Marguerite Davol wrote in 2008: “I grew up in Illinois, but consider myself a New Englander. South Hadley, Massachusetts, has been home since 1960, with summers in New Hampshire. I’ve lived two years in England and traveled extensively in Europe, China, India, and the Americas. Most memorable? Facing polar bears in the Arctic. Walking with penguins in Antarctica. My family includes three children, four grandchildren, and a great grandson. In 1992 I married Robert Greenberg and acquired three more children and three grandchildren.

“I am the author of seven picture books that are original folk, pourquoi, and tall tales, as well as a collection of original tall tales for all ages. Best known is The Paper Dragon, given two SCBWI Golden Kite awards, one for my story and one for Robert Sabuda’s illustrations. An eighth picture book, Black White, Just Right, was written because I have two black, white grandchildren from an interracial marriage.

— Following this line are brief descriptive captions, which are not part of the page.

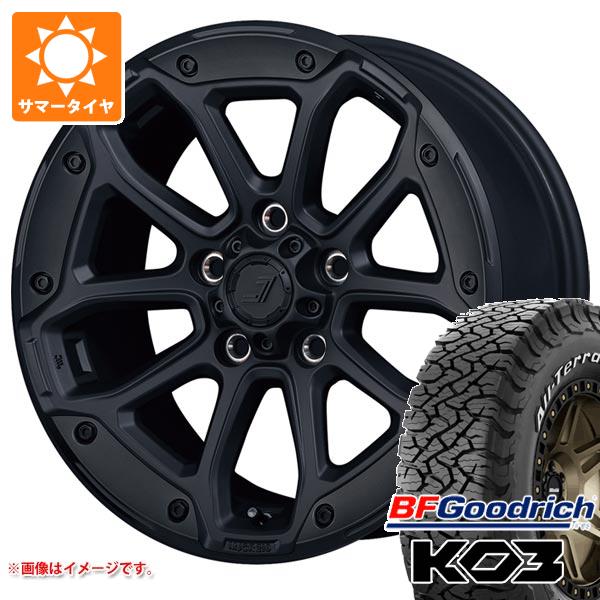 ジープ ラングラー JK/JL系用 サマータイヤ BFグッドリッチ オールテレーンT/A KO3 LT285/70R17 121/118S ホワイトレター ジェップセン MJCR 216 : je216sbw 42572 j27121p : タイヤ1番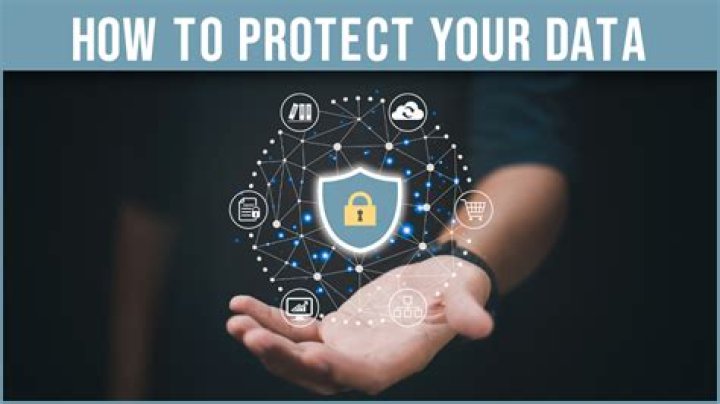 How do you protect data on a flash drive?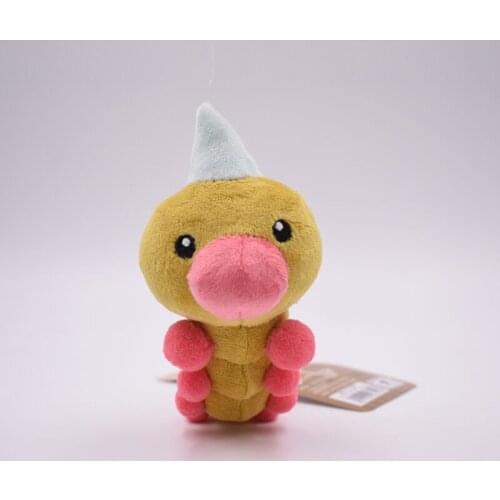 19cm TAKARA TOMY Pokemons Weedle Kawaii plush toys Soft Japan Anime Dragon stuffed Dolls Gift For Children birthday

“Did I always want to be a writer? No. But like most writers, I wanted to read! Hidden away in an apple tree or our attic, I read the few books available at home – from ghastly Victorian moral treatises to comics. After I exhausted the children’s book section of my small-town library, I devoured shelves of mysteries, romances, pop-psychology – anything – and met many good books along the way, of course.

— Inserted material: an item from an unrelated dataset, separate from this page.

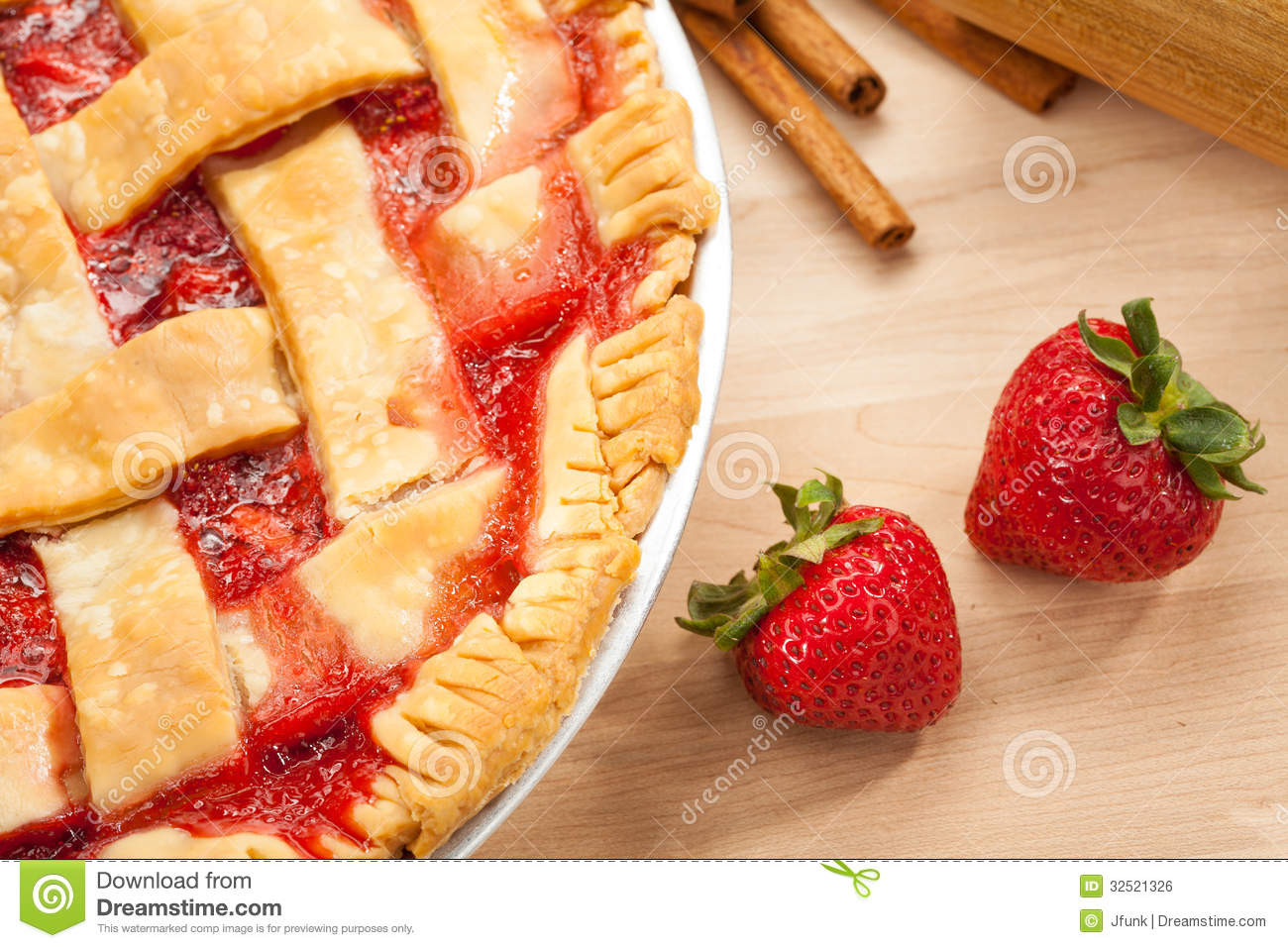 Late Summer Desserts
 Strawberry Pie Royalty Free Stock Image Image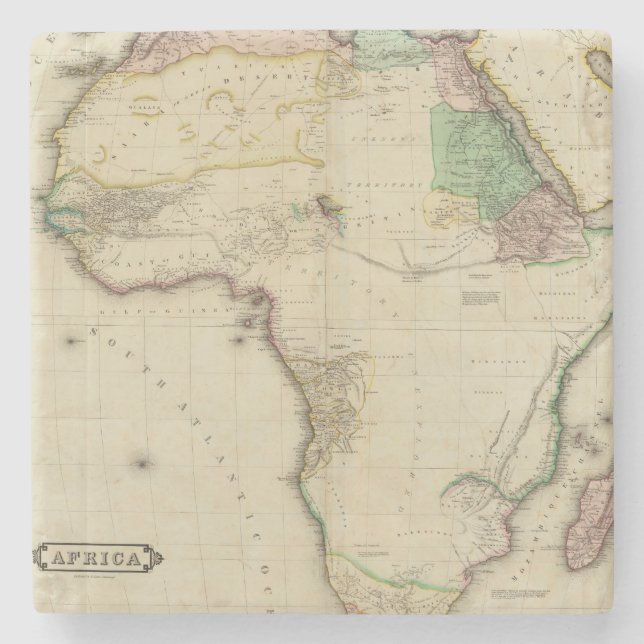 Zusammengesetztes Afrika Steinuntersetzer (Vorderseite)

“How did I become a writer? My teaching young children at Mt. Holyoke College’s lab school was a long and happy apprenticeship for writing children’s books. Immersed in good picture books, I learned what appealed to children – the rhythm of the language, the illustrations, the story itself. Influential, too, was the world of storytellers. Fascinated by their tales, I became a storyteller. However, rather than retell the old tales, I made up my own stories. Most of my books began as tales that I created to tell to children; subsequently these oral tales were shaped into books.

“My love of the folk tale/tall tale genre and storytelling is obvious in “Andy and Me,” my contribution to Our White House. At first I was stymied when asked to write about Andrew Jackson. I was a child of the Depression, an adolescent during World War II. To me, Franklin Delano Roosevelt was the larger-than-life hero in the White House. Who was Andrew Jackson? I was excited to discover that he was a friend of the braggart and exaggerator, frontiersman Davy Crockett. I’d met Davy Crockett in American lit classes, a predecessor of Mark Twain and his uniquely American humor. In researching both Crockett and Jackson, I found that through Davy Crockett’s eyes, Andrew Jackson was indeed a larger-than-life hero.”

Marguerite W. Davol passed away in 2012.